Site Navigation Menus, Pure Actionscript & FlashDevelop

A recent requirement at work had me having to forgo Flex for a Flash project. I'm replacing a DHTML site navigation system that employs several images, javascript libraries and, more importantly, places over 70 links onto any given page of the site. I've inherited the job of cleaning up the site SEO-wise and all of these links prevent me from cleanly sculpting the site. At the same time, I am working on improving the performance of the site, and, soon, improving the functionality of the navigation.

Anyway, while I like Flex - really, I like Flex, we need to get a room or something - she can be too heavy for some tasks, and the thought of dropping over 100KB of Flashy goodness on everything single page of the site is less than desirable. Instead, at my current level, I am more than halfway there just using a pure Actionscript Flash project and I have kept my SWF size down to under 4KB. Keep in mind, I am using an XML supporting doc that adds 7KB or so, but I would use the same file for Flex or Flash.

Also, I decided to really try the FlashDevelop Actionscript IDE for a full project and have been really pleased with its performance. The template boilerplate was very helpful, this is my first non-Flex project, the code hinting very helpful. Since the flash menu/navigation system I built involves resizing itself on the fly using the function, I had to develop live (somebody let me know if there is a better way), so I really didn't get a chance to test FlashDevelop's debugging tools. Anyway, FlashDevelop really shows that an open source toolset, even one based on .NET, can really be a powerful option.

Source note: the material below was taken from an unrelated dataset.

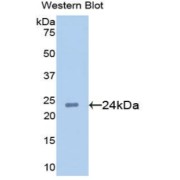abx102711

I mentioned a navigation system, let's move on to that. The DHTML system that I am replacing uses drop down menuing, with cascading sub-menus. More importantly, at least from a Flash perspective, is that it overlays other content on the site. I was fretting this requirement as, usually, my Flex apps stay quite contained within a nice, constant rectangle.

It turns out that it wasn't so bad. I mentioned the function, that's one I'll be adding to my Flex toolkit for certain. With it, I can communicate with Javascript on the page. In this case, I keep track of the size of my menu, and just request a very simple javascript function to resize the div in which SWFObject placed my SWF.

My Javascript looks like:

function changeFlashSize(newSize) {
menu = document.getElementById("swfContainer"); = newSize + "px";

Make sure that you rename swfContainer to whatever label you are using for your <DIV>'s id.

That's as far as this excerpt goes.